ContractsProf Blog

Editor: Jeremy Telman
Valparaiso University Law School

Monday, August 17, 2015

Contract Dispute Keeps Top Athlete off U.S. Track & Field Team

Symmonds
By Phil Roeder from Des Moines, IA, USA

I often begin my course by telling students that contracts facilitate mutually beneficial transactions.  So, if they want to be the kind of attorneys who make the world a better place, transactional work is the place to be.  But sometimes one-sided contracts drawn up in a context of vastly unequal bargaining power can prevent mutually beneficial transactions from taking place.  This seems to be occurring in the case of Nick Symmonds, a six-time U.S. outdoor champion at 800 meters who won a silver medal at the 2013 World Championships.  According to this story in the New York Times, Symmonds has been left off the U.S. team for the 2015 Worlds taking place later this month because he refused to sign a contract.

Symmonds refused to sign a vaguely-worded document that seemed to require that athletes wear Nike gear exclusively, even in their free time.  Nike, according to the Times, has committed to sponsoring U.S. Track & Field to the tune of $20 million per year through 2040.  But that contract might interfere with Symmonds' contractual obligations with his own sponsor, the running-shoe company, Brooks.  According to the Times, athletes were instructed to pack only Nike-branded or non-branded apparel for the World Championships.  Symmonds points out that Brooks is paying for him to wear its brand at important events.  If he is prohibited from doing so, why would Brooks continue to sponsor him.  Symmonds is all for the Stars and Stripes, but he also has to worry about dollars and cents.  He estimates that 75% of his income comes through sponsorships.

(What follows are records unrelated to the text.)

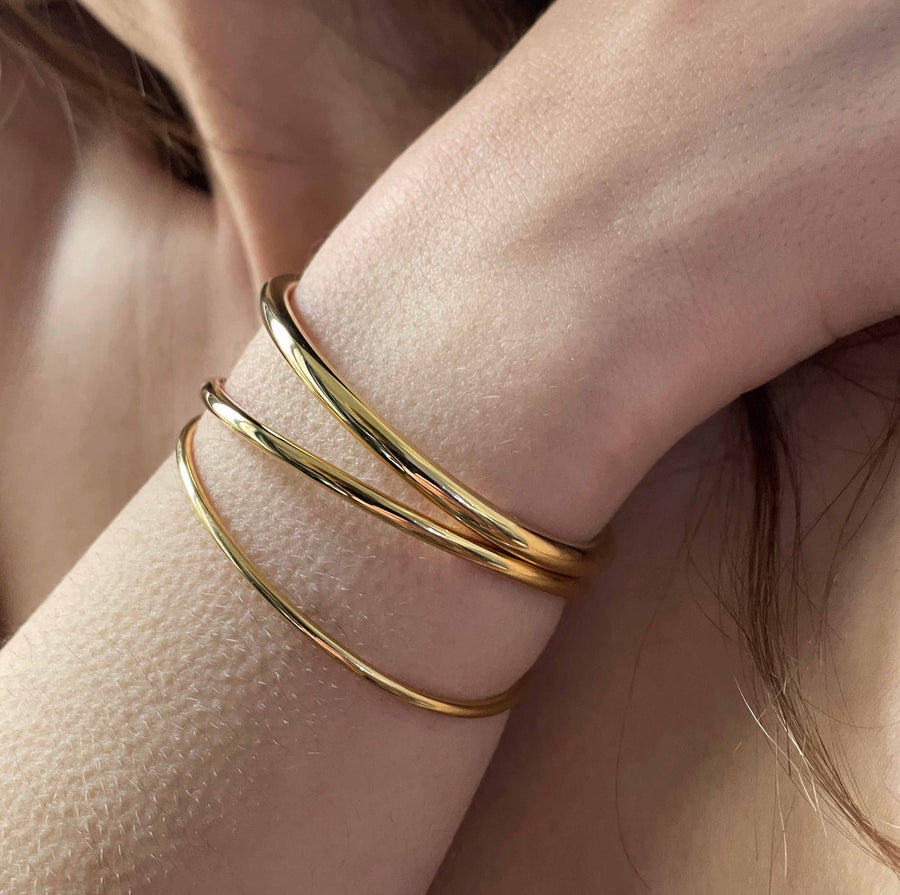 Trio of open vermeil bangles 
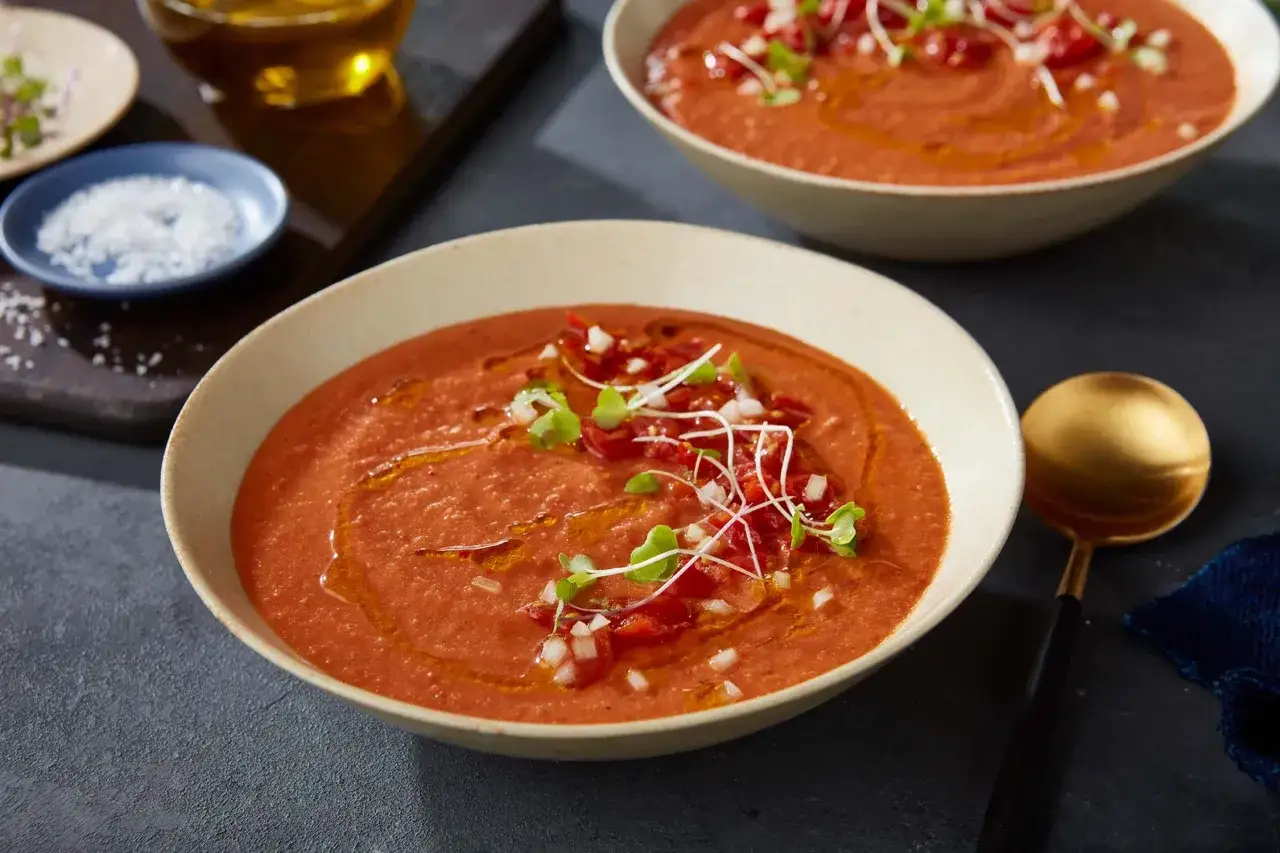 En sk&aring;l med kr&auml;mig tomatsoppa, perfekt f&ouml;r ett enkelt tomatsoppa recept. Garnerad med t&auml;rnad tomat, l&ouml;k och groddar.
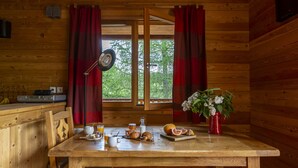 A wooden cabin interior with a dining table set for breakfast, a window with curtains, and a view of greenery outside.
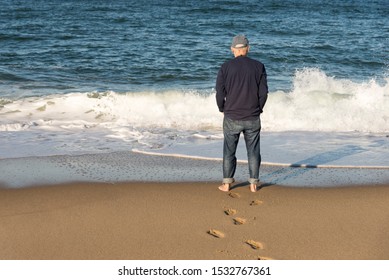 Late Afternoon Photo Of An Older Man (back Only) Standing On The Edge Of The Water Looking At The Ocean Waves On Cape Cod (Provincetown Massachusetts ).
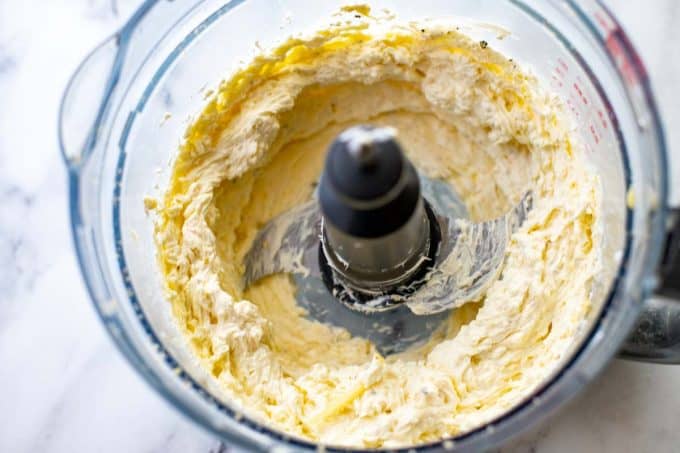 Photo of cheese and cream cheese in a food processor after being blended.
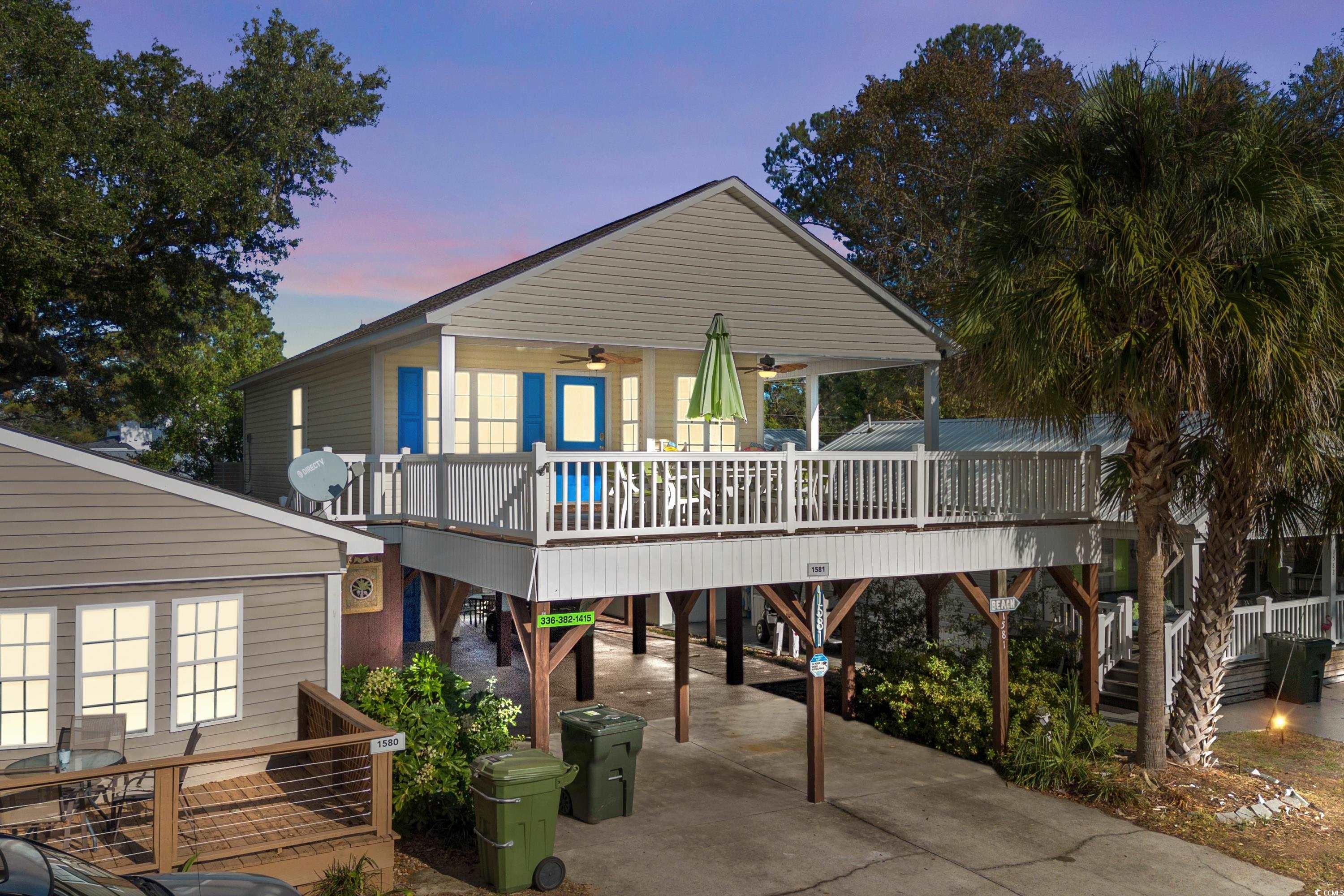 Back house at dusk with ceiling fan, a deck, and a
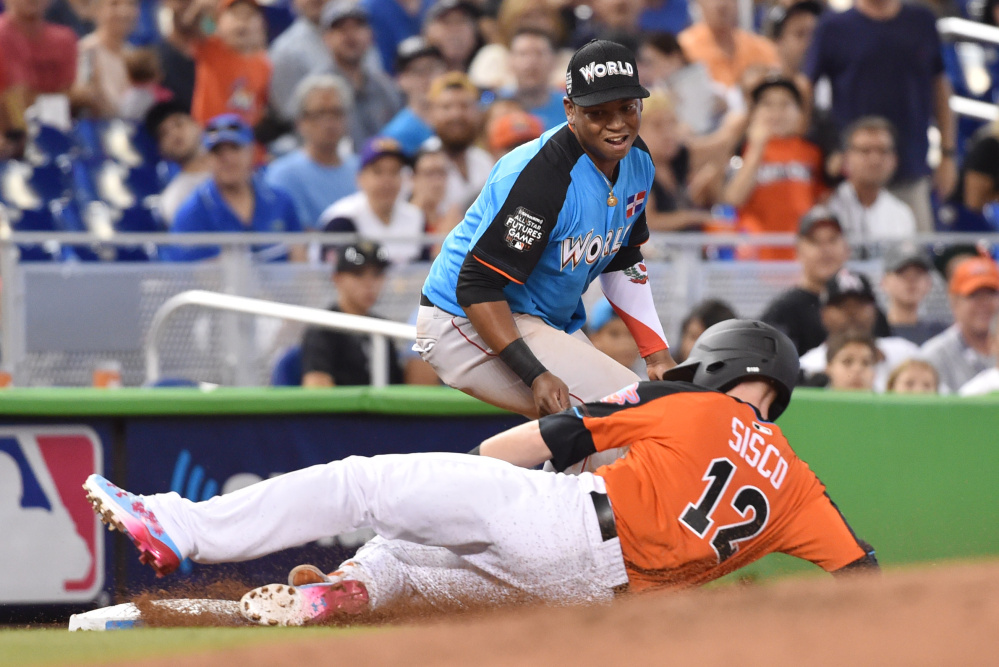 Chance Sisco of the U.S. slides past World third baseman Rafael Devers of the Portland Sea Dogs after hitting an RBI triple in the second inning during the All-Star Futures Game in Miami. The U.S. won, 7-6.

Symmonds does not object to wearing Nike apparel at official events.  He objects to the vague language that seems to preclude him from supporting his sponsor when he is not at official events.  Some are saying that Symmonds is taking this position because he has no chance to medal at the Worlds anyway, so he has nothing to lose.  The photo above shows him winning the US championships in 2010.  He won again in 2015.  If that guy has no chance, what does it say about the rest of the team?